You can hear the rebirth process kick in during the opening seconds of “Four Years,” where the song’s melancholic guitar chime bubbles up from an oceanic swirl to face the bright rays of the sun, as if Omori were emerging from some sort of soul-cleansing ritual. It also feels like an effort to shake off the glossy embellishments that proved to be distractions on New Misery. Under the guidance of LA-based producer Taylor Locke, “Four Years,” and the 11 songs that follow, place the focus where it should be: on the tension between Omori’s crystalline, clear-eyed melodies and his stinging, self-effacing lyricism. As it coasts to its swooning chorus, “Four Years” reveals itself to be an ebullient declaration of devotion from someone easily driven to distraction: “You do so many things, and I love you for it,” Omori sings in helium harmony with himself, before adding: “but I usually forget.”

Ten years into the game, Omori has essentially graduated from the garage to the kitchen, playing fly-on-the-wall to domestic lives, or dreaming of the one he could’ve had: “All by Yourself” is a wistful acoustic requiem for the one who got away—and the new baby in her life that all but extinguishes any possibility of future rekindling.
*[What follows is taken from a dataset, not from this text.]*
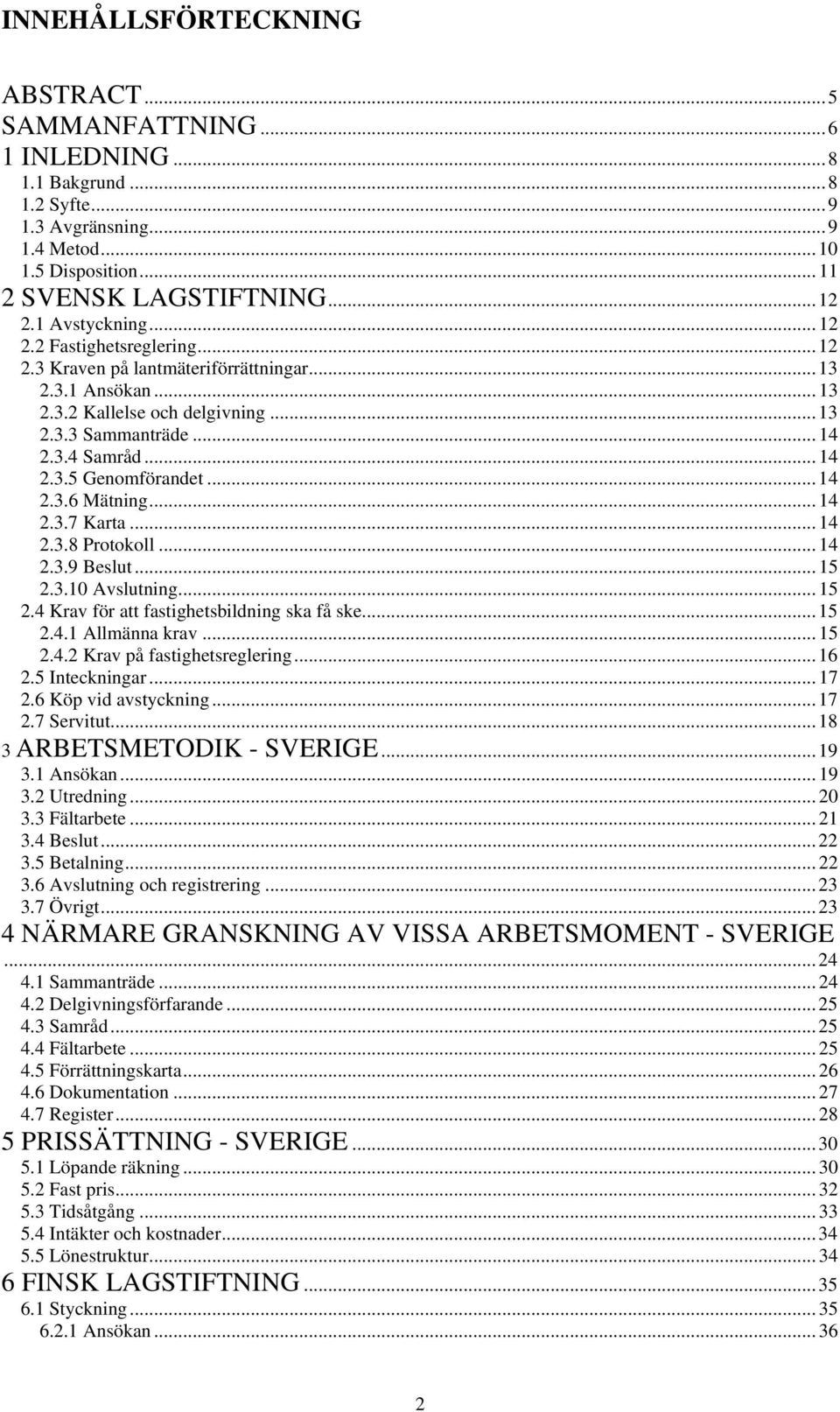 .. 14 2.3.6 Mätning... 14 2.3.7 Karta... 14 2.3.8 Protokoll... 14 2.3.9 Beslut... 15 2.3.10 Avslutning... 15 2.4 Krav för att fastighetsbildning ska få ske... 15 2.4.1 Allmänna krav... 15 2.4.2 Krav på fastighetsreglering.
But even the album’s purest expressions of contentment are laced with a sardonic aftertaste—“Happiness Reigns” might be the most joyful, carefree pop song in the Omori canon since Dye It Blonde’s “Weekend,” but it’s still one where the giddy kids he imagines for himself and his partner frolic among “flowers of uranium.”

The Diet would benefit from more breezily subversive sing-alongs like that—as the album rolls on, Omori’s predilection for mid-tempo, mid-period Oasis starts to take over, and a certain uniformity of style, scale, and seriousness sets in. (One great exception is “Millennial Geishas,” which finds the half-Japanese Omori cheekily riffing on Asian stereotypes—“I want to enter your dragon/Want to jump on your bandwagon”—en route to a disarming, stargazing chorus.) But on the closing “A Real You,” Omori liberates himself from any obvious idolatry to fashion a winsome baroque-folk lullaby that achieves liftoff without shooting for the cheap seats. Fittingly, it’s a love song about not needing all that much to get by: “I choose the simple things with you, both of us only use cable or pay-per-view,” Omori sings, making The Diet a rallying point for analog romantics in a Netflix ‘n’ chill kinda world.